Work request — If a line in the entries below holds the string "sale", copy it.

Stored items

***

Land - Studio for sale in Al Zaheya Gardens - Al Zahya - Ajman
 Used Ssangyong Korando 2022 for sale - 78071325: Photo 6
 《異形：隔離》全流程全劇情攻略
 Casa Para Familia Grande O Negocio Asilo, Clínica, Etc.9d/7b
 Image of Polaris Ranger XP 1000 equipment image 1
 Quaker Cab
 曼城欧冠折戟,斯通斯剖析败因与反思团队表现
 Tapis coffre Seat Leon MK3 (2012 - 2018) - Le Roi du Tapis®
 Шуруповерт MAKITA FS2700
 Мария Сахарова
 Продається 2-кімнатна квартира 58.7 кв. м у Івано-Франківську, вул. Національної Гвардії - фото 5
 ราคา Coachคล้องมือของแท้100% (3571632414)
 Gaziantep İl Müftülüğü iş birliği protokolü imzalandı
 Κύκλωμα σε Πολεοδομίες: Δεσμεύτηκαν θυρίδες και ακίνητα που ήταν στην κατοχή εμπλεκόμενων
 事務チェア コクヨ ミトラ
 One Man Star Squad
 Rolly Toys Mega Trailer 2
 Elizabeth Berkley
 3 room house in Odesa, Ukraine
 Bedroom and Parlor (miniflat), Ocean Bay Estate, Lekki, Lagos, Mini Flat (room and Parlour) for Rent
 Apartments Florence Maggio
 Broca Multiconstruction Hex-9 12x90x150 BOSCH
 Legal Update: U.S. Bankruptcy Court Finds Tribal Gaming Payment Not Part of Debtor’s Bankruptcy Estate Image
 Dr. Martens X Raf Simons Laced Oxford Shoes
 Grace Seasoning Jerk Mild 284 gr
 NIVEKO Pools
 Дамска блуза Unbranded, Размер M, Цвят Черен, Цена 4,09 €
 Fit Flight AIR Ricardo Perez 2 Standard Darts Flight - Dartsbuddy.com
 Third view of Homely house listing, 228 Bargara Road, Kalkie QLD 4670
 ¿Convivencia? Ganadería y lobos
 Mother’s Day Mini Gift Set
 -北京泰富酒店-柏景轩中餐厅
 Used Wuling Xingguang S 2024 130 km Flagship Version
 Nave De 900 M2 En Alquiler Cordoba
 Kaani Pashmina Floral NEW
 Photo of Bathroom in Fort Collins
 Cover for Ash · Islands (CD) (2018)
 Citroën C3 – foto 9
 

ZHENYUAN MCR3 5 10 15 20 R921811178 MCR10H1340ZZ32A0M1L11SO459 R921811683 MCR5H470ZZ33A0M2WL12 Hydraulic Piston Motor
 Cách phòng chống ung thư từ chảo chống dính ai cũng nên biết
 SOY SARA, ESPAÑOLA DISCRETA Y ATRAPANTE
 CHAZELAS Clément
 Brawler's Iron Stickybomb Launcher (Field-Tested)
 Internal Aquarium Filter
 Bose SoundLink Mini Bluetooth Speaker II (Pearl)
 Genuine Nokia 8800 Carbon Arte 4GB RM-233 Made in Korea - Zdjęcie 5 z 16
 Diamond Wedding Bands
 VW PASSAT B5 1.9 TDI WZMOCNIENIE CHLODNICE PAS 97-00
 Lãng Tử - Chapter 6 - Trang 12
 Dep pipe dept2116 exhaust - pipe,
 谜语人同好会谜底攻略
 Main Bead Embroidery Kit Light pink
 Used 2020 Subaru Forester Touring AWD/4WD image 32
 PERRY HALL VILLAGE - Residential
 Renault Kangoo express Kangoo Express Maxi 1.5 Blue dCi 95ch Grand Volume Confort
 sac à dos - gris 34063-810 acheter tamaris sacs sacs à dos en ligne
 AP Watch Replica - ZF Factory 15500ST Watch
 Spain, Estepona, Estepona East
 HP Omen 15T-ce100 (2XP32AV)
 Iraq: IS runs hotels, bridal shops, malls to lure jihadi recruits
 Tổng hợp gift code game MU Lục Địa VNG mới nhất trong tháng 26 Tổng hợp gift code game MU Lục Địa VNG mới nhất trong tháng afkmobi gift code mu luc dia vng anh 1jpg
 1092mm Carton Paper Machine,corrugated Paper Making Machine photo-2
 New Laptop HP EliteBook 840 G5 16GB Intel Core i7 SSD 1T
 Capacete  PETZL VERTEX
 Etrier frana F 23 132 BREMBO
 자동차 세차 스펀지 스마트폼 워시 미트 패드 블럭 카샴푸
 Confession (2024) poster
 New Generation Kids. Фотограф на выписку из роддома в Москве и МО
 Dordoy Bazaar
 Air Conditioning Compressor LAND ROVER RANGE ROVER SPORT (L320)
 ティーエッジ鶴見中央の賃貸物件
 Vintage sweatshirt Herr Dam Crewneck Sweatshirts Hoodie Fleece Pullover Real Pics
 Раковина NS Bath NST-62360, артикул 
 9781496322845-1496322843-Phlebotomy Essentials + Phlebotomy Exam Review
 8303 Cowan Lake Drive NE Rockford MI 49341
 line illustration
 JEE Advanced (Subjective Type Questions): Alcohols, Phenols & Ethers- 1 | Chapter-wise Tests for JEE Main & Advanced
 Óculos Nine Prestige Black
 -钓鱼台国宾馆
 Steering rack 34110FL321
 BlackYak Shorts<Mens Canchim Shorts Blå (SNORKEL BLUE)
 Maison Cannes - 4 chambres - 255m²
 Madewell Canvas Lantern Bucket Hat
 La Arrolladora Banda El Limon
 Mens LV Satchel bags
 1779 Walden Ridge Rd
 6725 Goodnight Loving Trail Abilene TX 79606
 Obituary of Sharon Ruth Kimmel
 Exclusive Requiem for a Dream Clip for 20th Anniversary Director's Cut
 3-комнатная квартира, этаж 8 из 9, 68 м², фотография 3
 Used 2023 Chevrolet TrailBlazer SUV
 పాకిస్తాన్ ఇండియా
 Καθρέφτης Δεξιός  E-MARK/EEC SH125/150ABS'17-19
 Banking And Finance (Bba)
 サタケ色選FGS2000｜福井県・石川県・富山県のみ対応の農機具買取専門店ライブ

***

Reply —
Land - Studio for sale in Al Zaheya Gardens - Al Zahya - Ajman
 Used Ssangyong Korando 2022 for sale - 78071325: Photo 6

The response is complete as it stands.